Comprehensive Curation and Harmonization of Small-Molecule MS/MS Libraries in Spectraverse
Vishu Gupta, Hantao Qiang, Hsin-Hsiang Chung, Ehud Herbst, Michael A. Skinnider

TL;DR
Spectraverse is a new, comprehensive library of high-quality mass spectra for small molecules, designed to improve metabolite identification and machine learning in metabolomics.
Contribution
Spectraverse introduces a harmonized, curated MS/MS library addressing quality and metadata issues in public spectral databases.
Findings
Spectraverse includes spectra from major and overlooked repositories after extensive preprocessing.
The library identifies undocumented pitfalls in public libraries that may have affected machine learning model training.

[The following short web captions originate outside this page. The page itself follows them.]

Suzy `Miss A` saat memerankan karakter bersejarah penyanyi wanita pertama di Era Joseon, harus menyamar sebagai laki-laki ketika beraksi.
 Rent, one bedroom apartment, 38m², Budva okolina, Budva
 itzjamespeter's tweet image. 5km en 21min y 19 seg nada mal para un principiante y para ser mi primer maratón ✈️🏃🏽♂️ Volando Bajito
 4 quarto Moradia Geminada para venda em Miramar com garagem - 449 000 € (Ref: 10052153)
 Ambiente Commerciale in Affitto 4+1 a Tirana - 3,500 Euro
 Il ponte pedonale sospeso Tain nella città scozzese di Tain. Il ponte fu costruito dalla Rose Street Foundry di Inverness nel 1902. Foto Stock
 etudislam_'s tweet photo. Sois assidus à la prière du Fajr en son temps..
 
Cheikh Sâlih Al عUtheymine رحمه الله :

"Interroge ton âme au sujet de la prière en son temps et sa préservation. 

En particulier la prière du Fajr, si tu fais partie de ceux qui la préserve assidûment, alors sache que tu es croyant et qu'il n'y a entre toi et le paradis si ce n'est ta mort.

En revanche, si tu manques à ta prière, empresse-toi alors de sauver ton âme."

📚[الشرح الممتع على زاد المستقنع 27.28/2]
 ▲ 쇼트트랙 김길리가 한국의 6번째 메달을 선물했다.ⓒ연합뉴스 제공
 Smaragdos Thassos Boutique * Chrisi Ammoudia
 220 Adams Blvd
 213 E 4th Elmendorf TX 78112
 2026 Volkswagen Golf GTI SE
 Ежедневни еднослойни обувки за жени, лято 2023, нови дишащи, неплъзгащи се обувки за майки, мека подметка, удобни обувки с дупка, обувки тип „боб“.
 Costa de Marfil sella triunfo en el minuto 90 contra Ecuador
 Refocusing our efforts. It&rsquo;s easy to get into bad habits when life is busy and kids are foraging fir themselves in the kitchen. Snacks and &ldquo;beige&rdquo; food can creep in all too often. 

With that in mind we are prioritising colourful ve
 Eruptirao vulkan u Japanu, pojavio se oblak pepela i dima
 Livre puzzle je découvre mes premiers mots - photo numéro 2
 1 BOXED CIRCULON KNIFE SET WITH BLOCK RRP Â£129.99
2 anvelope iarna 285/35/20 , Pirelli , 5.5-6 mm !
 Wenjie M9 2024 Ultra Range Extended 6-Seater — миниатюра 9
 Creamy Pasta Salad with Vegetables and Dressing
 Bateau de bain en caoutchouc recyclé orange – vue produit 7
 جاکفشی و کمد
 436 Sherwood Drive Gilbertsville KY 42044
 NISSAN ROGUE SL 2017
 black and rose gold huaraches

Spectraverse offers the broadest coverage of chemical space and ionization modes for metabolomics to date.
Abstract
Reference libraries of tandem mass spectra (MS/MS) are widely used for metabolite identification in untargeted metabolomics and to train machine-learning models for metabolite annotation. However, public spectral libraries are scattered across disparate databases and contain spectra that are of low resolution or quality, missing critical metadata, or which have chemically incoherent annotations. Addressing these issues requires extensive preprocessing and considerable expertise in mass spectrometry, which presents a significant barrier to investigators interested in developing their own machine-learning models. Here, we present Spectraverse, a comprehensive and extensively curated library of public MS/MS spectra from small molecules. We assembled reference spectra from both major repositories and previously overlooked resources and then developed a preprocessing pipeline to harmonize…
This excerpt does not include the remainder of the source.